Ist 2016 das Jahr der Virtual Reality?
2016, so ist Wild überzeugt, wird Virtual Reality (VR) seinen Durchbruch erleben, weshalb auch Media-Saturn diese Technik nutzen will. Hierzu hat das Unternehmen in Saturn Ingoldstadt und Berlin Alexanderplatz zwei VR-Showrooms aufgebaut. Als erste Anwendung wurde der interaktive, virtuelle Verkauf von Küchen getestet, weil dem Retailer bewusst ist, dass er niemals das komplette Küchen-Sortiment im Laden vorhalten kann. Virtuell kann der Kunde drei verschiedene Küchen an verschiedenen Orten wie etwa in New York, in den Bergen oder einen neutralen Stadt erleben. In diesen Küchen kann er die Oberfläche sowie die Farben verändern. Ebenso ist er in der Lage die Elektrogeräte auszutauschen. Auf diese Weise kann der Kunde erleben, wie eine gewählte Küche in echt aussehen würde. Doch dies war nur der Anfang. Parallel dazu hat Saturn jetzt begonnen, dort auch Gaming zu ermöglichen. Andere Zuschauer können dabei zusehen und auf großen Monitoren mitverfolgen was der VR-Player erlebt.

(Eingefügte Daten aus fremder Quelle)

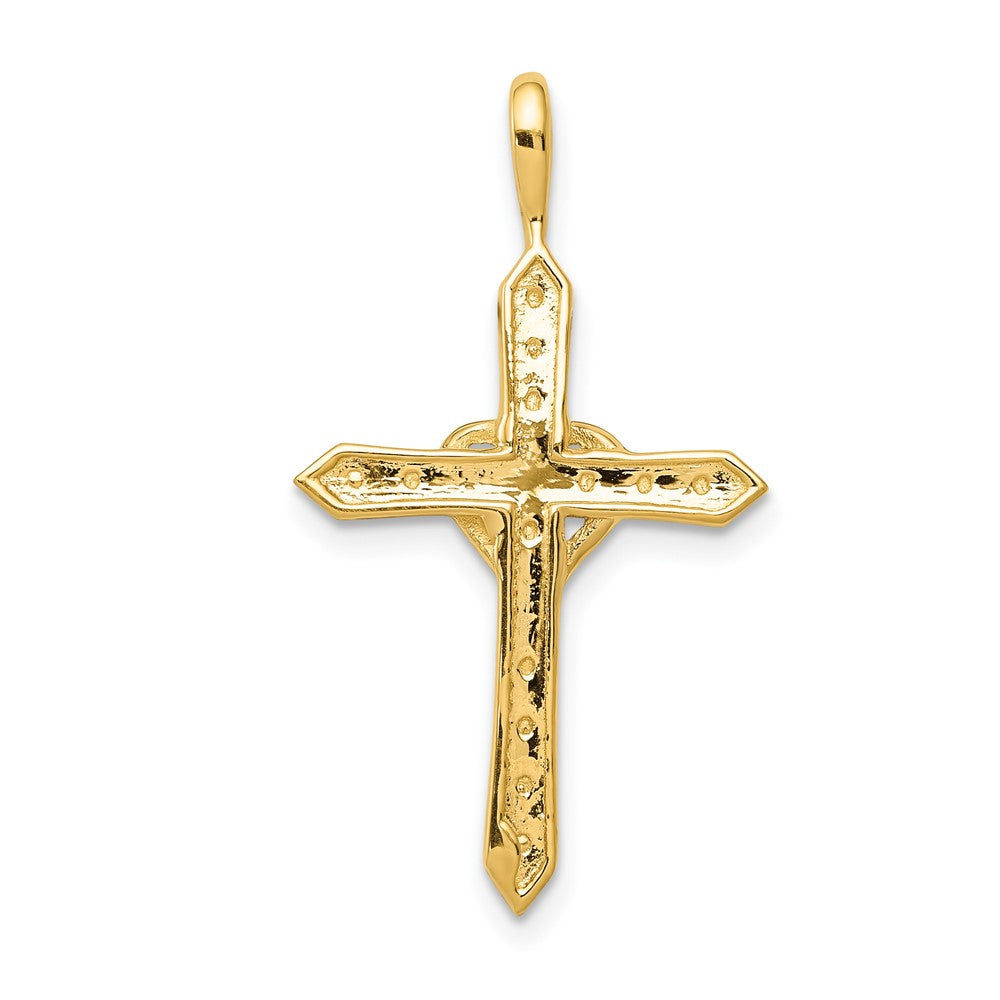 14K Yellow Gold AA 1/10ct. Real Diamond Heart Cross Pendant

Lieferroboter statt Amazons Drohnen
Schließlich befasst sich Wild noch mit dem Thema Robotics. Aktuell arbeitet der Kölner Saturn Connect Markt mit Nao an einem Roboter, der Produkte präsentieren kann, connected device erklärt, Licht einschaltet oder Fernseher bedient. Zudem könne er dem Kunden das Thema smart connected home sehr gut erklären. Wenige Kilometer weiter in Düsseldorf hat demnächst ein anderer Roboter seine Bewährungsprobe. Dort soll ein Lieferroboter des estländischen Herstellers Starship Ware ausliefern. Der Roboter kann diese im Umkreis von vier Kilometern selbständig zum Kunden bringen. Damit möchte Media-Saturn nicht nur die Ware schneller an den Kunden ausliefern, sondern auch effizienter. "Damit ist die letzte Meile bei der Lieferung zum Kunden für weit unter einem Euro abbildbar und das just in time", rechnet Wild vor. So sieht etwa ein Konzept von Starship vor, dass etwa die Ware zu Hubs transportiert wird und der Kunde dann nur, wenn er zu Hause ist, einen Knopf drücken muss - und 15 Minuten später steht der Lieferroboter vor der Türe.
Gemeinsam mit Frauenhofer arbeitet der Retailer an der Weiterentwicklung von Paul - ein Roboter der ursprünglich für den Pflegedienst konzipiert wurde. Paul ist etwa 1,60 Meter groß und soll künftig Kunden begrüßen, zum gesuchten Produkt geleiten und dazu einfache Fragen beantworten. Weiß Paul nicht mehr weiter, kann er einen Mitarbeiter hinzuziehen.
Insgesamt, so bekräftigt CDO Wild, habe sich Media-Saturn auf die Fahne geschrieben, neue Technologien - im Vergleich zur Vergangenheit - bereits sehr früh zu evaluieren, um das Shopping-Erlebnis für den Kunden zu verbessern. Um auch für Neuigkeiten gewappnet zu sein, die dann in der Praxis nicht funktionieren, haben die Ingoldstädter eine fail-forward-fail-fast-Strategie entwickelt. "Wir entwickeln die Zukunft des Handels", zeigt sich Wild siegessicher.